____ RECORDED DATA

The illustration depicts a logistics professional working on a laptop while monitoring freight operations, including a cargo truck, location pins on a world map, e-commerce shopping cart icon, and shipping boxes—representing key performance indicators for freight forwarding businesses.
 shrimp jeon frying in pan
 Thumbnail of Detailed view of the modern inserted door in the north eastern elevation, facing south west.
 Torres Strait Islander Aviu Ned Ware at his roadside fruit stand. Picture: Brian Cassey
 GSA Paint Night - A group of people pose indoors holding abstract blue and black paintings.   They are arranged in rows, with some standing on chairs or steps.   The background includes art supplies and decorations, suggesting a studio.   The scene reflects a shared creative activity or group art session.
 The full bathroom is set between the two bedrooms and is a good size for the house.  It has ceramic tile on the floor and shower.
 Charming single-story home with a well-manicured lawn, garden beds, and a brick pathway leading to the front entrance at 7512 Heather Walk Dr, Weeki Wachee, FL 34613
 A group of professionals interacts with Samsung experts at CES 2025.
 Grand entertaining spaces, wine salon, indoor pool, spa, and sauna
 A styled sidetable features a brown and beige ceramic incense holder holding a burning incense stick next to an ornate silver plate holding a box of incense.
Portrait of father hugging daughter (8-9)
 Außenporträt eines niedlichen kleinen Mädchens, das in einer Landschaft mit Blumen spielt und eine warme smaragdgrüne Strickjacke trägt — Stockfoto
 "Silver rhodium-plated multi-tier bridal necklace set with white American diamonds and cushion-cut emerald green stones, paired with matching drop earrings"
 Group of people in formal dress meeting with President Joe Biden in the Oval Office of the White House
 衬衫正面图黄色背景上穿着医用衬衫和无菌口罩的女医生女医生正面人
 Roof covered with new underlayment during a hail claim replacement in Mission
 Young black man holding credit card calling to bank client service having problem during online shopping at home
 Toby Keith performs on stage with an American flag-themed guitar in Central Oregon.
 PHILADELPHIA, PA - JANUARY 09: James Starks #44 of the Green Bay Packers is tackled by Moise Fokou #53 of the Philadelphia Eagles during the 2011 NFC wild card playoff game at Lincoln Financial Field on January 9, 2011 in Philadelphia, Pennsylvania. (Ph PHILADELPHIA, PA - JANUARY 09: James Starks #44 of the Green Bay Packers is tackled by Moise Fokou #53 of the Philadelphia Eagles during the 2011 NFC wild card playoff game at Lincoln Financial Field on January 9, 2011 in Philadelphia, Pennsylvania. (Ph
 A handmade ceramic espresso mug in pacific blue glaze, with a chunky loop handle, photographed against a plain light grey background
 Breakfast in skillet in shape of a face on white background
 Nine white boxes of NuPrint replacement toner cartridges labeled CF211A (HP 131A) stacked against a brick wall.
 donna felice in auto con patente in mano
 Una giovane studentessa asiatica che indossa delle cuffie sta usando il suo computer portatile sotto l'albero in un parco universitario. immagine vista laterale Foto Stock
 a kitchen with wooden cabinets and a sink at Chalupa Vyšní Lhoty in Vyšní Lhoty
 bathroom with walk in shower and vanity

________

EXERCISE INSTRUCTIONS:
Nothing should be returned except the lines from the one containing "donna felice in auto con patente in mano" through the last line of the data, each restated word for word.

EXPECTED ANSWER:
 donna felice in auto con patente in mano
 Una giovane studentessa asiatica che indossa delle cuffie sta usando il suo computer portatile sotto l'albero in un parco universitario. immagine vista laterale Foto Stock
 a kitchen with wooden cabinets and a sink at Chalupa Vyšní Lhoty in Vyšní Lhoty
 bathroom with walk in shower and vanity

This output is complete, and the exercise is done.